Recebendo o batismo de João, o Senhor se deixou contar entre os pecadores. Foi um ato de identificação com todos nós. Ele iniciou a Sua vida pública caminhando em direção à Cruz e, portanto, à Ressurreição. É nesse sentido que o Papa Bento XVI entende que o Batismo de Jesus antecipa a Cruz:
Ele inaugura o seu ministério inserindo-se no lugar dos pecadores. Ele inaugura-o com a antecipação da cruz. [4]
Santo Tomás de Aquino ensinava que, aceitando o Batismo de João, Jesus confirmava que esse batismo era uma preparação para o verdadeiro Batismo. O sacramento do Batismo é um mistério que acontece por meio da água:
Jesus, ao ser batizado, purificou a água, deixando-a limpa com o contato de sua carne santíssima e conferindo-lhe, assim, a virtude de santificar os que depois dele haviam de ser batizados. Por isso, podemos dizer que Jesus foi batizado, não para purificar-se, mas para purificar-nos. [5]
O Sacramento do Batismo
Partindo do Batismo de Jesus, chegamos agora ao nosso batismo, que é o verdadeiro batismo. São Paulo não mediu palavras ao elogiá-lo, chamando o Sacramento do Batismo de “banho da regeneração e renovação do Espírito Santo” (Tt 3, 5).
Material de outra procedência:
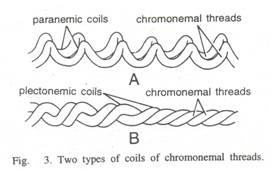 Chromosome Number in Some Familiar Animals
Para melhor entendermos a importância deste sacramento, que é o fundamento de toda a vida cristã e porta de entrada para todos os outros sacramentos, convém ler estas palavras do Doutor da Igreja São Gregório Nazianzeno:
O Batismo é o mais belo e o mais magnífico dom de Deus. (...) Chamamo-lo de dom, graça, unção, iluminação, veste de incorruptibilidade, banho de regeneração, selo, e tudo o que existe de mais precioso. Dom, porque é conferido àqueles que nada trazem; graça, porque é dado até a culpados; Batismo, porque o pecado é sepultado na água; unção, porque é sagrado e régio (tais como são os ungidos); iluminação, porque é luz resplandecente; veste, porque cobre nossa vergonha; banho, porque lava; selo, porque nos guarda e é o sinal do senhorio de Deus. [6]
Não há exagero nessas palavras. Elas expressam o que o Senhor ensinou:
Em verdade, em verdade te digo: se alguém não nascer da água e do Espírito, não poderá entrar no Reino de Deus. (Jo 3, 5)
O Santo Batismo produz uma transformação na alma, fazendo do batizado um filho adotivo de Deus (Gl 4, 5-7), participante da natureza divina (2 Pe 1, 4). O batizado recebe então o poder de viver e agir sob a moção do Espírito Santo.
Como é grande o dom do Santo Batismo! Todos nós temos um organismo natural, biológico; no batismo nós recebemos um outro organismo, que é invisível:
Todo organismo da vida sobrenatural do cristão tem sua raiz no santo Batismo. [7]
Infelizmente, hoje em dia algumas famílias católicas minimizam a importância de batizar os seus filhos. Sem justa causa, esperam a criança atingir a maioridade para que ela mesma decida. Será que essa atitude nos convém? Ela contraria o que o Senhor pediu à Sua Santa Igreja:
Ide, pois, e fazei discípulos todos os povos, batizando-os em nome do Pai, do Filho e do Espírito Santo. (Mt 28, 19)
Você não esperou que seu filho crescesse para lhe dar um nome, alimento, vestuário, educação, por que vai esperar que ele cresça para lhe dar o Banho da Regeneração? E será que, sem a graça batismal, ele conseguirá decidir bem o que quer para si mesmo?
Mergulhando no rio Jordão
Contemplemos Jesus descendo o rio Jordão. Ele levou os nossos pecados ao fundo do rio, iniciando os três anos de vida pública até a Sua Paixão e Ressurreição. Aquele batismo no Jordão foi uma preparação para o verdadeiro batismo, o Sacramento do Batismo; aquele que você e eu recebemos na pia batismal.
Celebrar o mistério do Batismo de Jesus é uma ocasião para meditarmos sobre o nosso batismo. Ele é a porta de acesso à vida cristã, a verdadeira vida da graça.
Referências
[1] Hahn, Scott; Mitch, Curtis; Walters, Dennis. O Evangelho de São Marcos: Cadernos de Estudos Bíblicos Campinas, SP: Ecclesiae, 2014. p. 28.
[2] Bento XVI. Jesus de Nazaré: do batismo à transfiguração. São Paulo: Planeta, 2016. p. 31.
[3] Hahn, Scott; Mitch, Curtis; Walters, Dennis. O Evangelho de São Marcos: Cadernos de Estudos Bíblicos Campinas, SP: Ecclesiae, 2014. p. 28.
[4] Bento XVI. Jesus de Nazaré: do batismo à transfiguração. São Paulo: Planeta, 2016. p. 33.
[5] Santo Tomás de Aquino. Suma Teológica III, q. 39, a. 1, co
[6] São Gregório Nazianzeno. Orationes 40, 3-4.
[7] Catecismo da Igreja Católica, 1266.